WRITING. Sepetys is not a lush writer. There’s no need for exaggeration or embellishment. She provides the facts; the reader develops the emotions. She writes one line about an emaciated cow on the side of the road with burst, frozen utters — your gut clenches in this simple, painful horror. She writes one line about orphan children being passed from one group to the next so refugees can board the ship — you wonder at what point in your fight for survival you would exchange children like currency. She writes one line about a mother tossing her baby over the ship, aiming for a lifeboat, and the baby drowns in the waters — you sense the desperation, fear, and sorrow. She writes one line about Polish families refusing to leave their lands, with graves pre-dug in their gardens and a plan in place to lie in them and take their own lives when they hear of the Russians marching through — you’re a goner.
STORY. A thief, a nurse, a Pole, and a sociopath. They represent so many of the lives lost in the sinking of the Wilhelm Gustloff. Though the book covers the month of January, it’s within the few days of boarding and setting sail that all the truths come to light.

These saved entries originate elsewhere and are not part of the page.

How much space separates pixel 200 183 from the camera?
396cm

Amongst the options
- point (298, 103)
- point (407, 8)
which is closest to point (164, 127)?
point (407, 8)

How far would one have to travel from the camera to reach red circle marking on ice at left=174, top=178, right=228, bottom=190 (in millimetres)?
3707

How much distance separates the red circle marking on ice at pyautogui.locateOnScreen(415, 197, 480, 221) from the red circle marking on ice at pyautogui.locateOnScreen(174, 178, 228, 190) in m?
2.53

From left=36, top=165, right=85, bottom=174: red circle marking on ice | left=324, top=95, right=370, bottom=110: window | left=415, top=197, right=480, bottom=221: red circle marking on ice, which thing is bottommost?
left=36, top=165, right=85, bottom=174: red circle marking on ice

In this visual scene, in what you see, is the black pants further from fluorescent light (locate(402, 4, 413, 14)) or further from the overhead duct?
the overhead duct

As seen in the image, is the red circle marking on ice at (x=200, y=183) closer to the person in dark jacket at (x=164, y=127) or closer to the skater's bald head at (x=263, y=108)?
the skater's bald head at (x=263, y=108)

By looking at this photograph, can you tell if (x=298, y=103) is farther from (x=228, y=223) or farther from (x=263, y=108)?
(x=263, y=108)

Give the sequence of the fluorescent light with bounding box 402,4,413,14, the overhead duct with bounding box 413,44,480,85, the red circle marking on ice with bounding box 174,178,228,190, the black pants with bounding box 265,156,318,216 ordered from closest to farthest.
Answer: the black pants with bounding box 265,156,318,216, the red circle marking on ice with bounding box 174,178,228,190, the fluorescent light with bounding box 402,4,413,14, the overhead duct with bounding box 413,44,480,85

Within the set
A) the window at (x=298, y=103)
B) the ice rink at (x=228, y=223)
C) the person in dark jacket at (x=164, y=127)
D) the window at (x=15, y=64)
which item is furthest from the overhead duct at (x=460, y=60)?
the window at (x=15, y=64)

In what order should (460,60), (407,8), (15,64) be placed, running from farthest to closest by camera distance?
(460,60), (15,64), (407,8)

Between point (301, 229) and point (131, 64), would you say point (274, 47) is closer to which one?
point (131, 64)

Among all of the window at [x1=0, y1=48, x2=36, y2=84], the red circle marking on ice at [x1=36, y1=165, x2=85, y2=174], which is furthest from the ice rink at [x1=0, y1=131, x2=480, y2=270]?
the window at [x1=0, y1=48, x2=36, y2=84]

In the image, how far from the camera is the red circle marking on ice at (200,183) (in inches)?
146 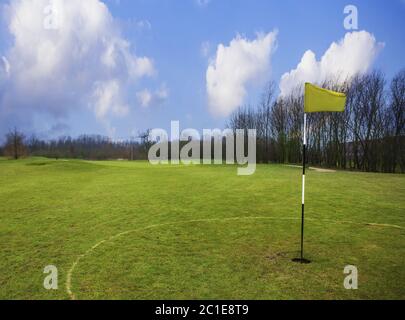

As panic rises, as their fate becomes inevitable, chaos outside and within explodes.
Sepetys wrote another heart-wrenching nonfiction book masked as fiction. I cannot stress enough how important it is to read Salt to the Sea, to read Between Shades of Gray, to reflect on your life and the lives lost after reading. Sepetys understands the nature of humanity on such a deep level. I trust her completely.
Thank you, Edelweiss, for providing this book from Philomel for review.
HIGHLIGHT FOR SPOILER: Joana is Lina’s cousin from BSOG!